Source data:

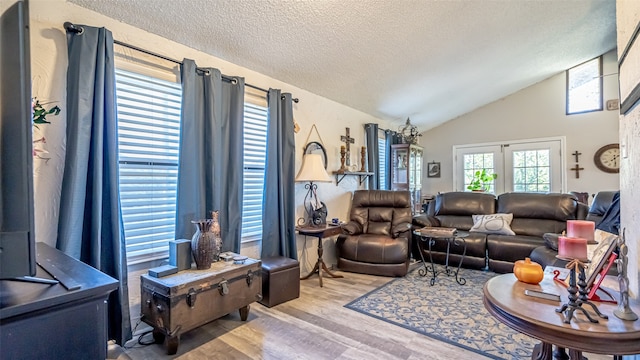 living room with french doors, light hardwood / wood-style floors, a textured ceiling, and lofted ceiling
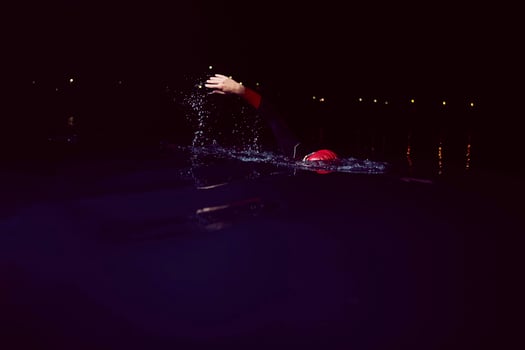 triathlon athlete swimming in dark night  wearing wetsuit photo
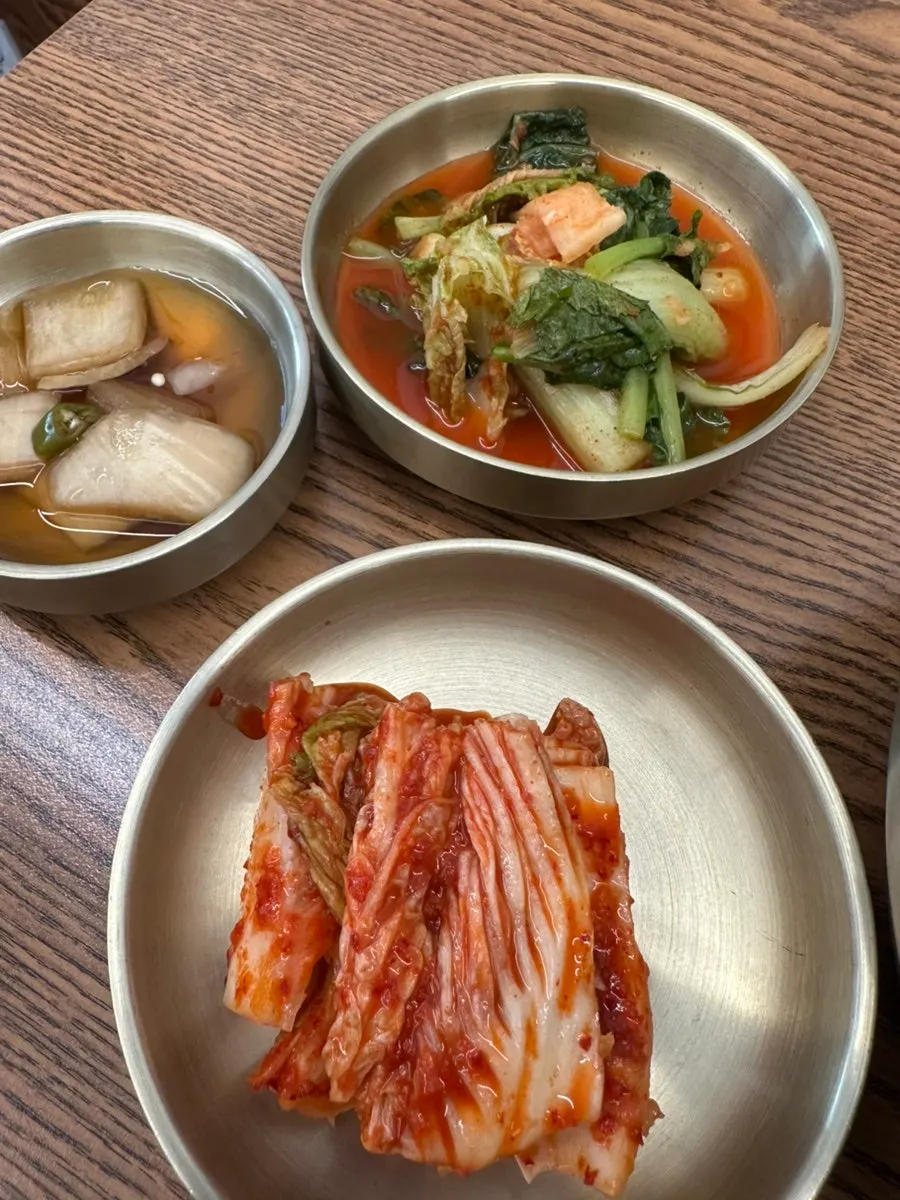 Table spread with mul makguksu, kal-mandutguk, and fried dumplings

...

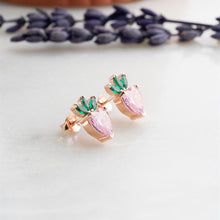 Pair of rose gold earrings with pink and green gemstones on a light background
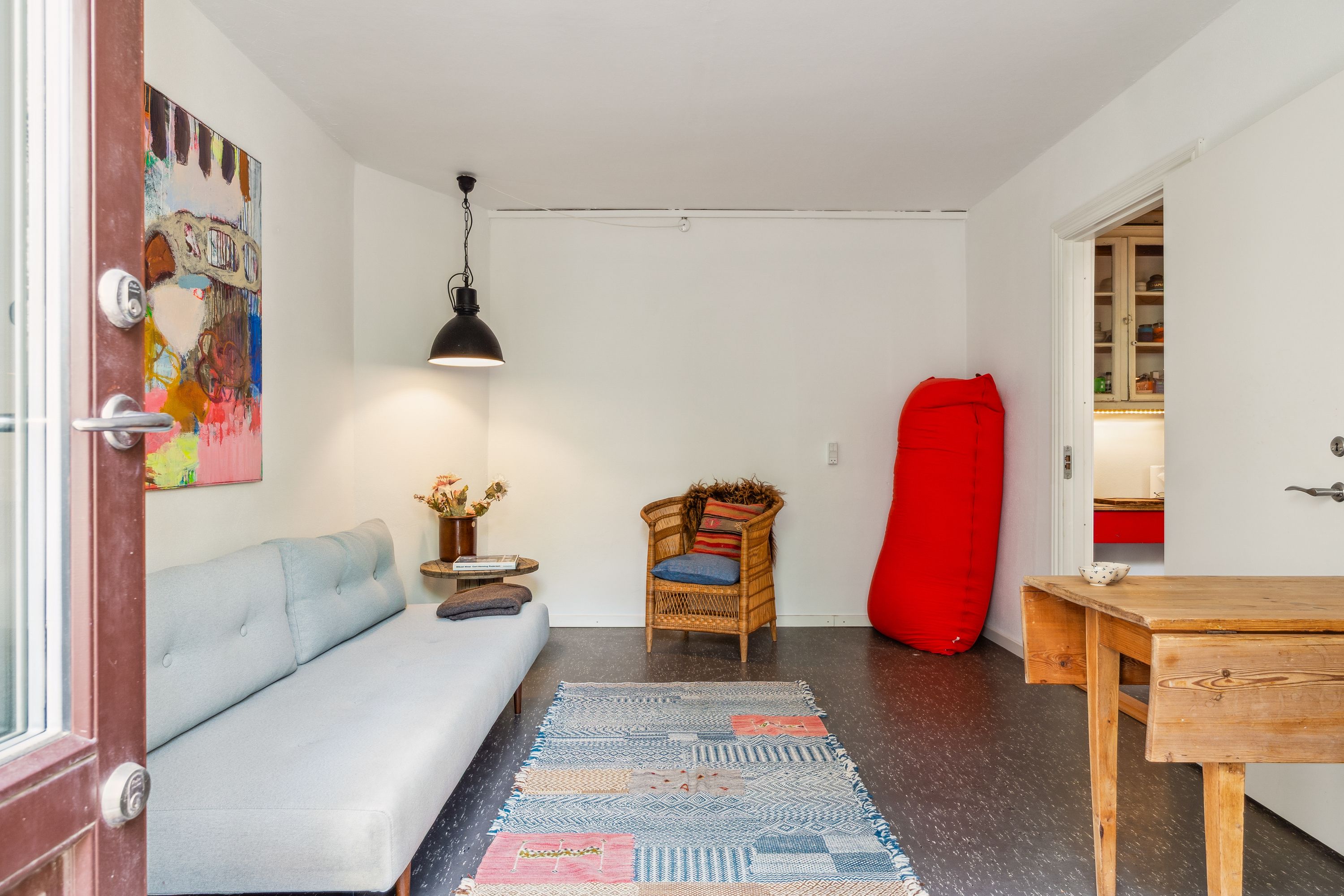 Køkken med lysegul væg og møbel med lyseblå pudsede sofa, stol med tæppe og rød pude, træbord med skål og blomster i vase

Aim of the exercise:
In the listing above, find the line containing "living room with" and the line containing "Table spread with", then return both of them and every line between, exactly, without pictures.

Reply to the exercise:
 living room with french doors, light hardwood / wood-style floors, a textured ceiling, and lofted ceiling
 triathlon athlete swimming in dark night  wearing wetsuit photo
 Table spread with mul makguksu, kal-mandutguk, and fried dumplings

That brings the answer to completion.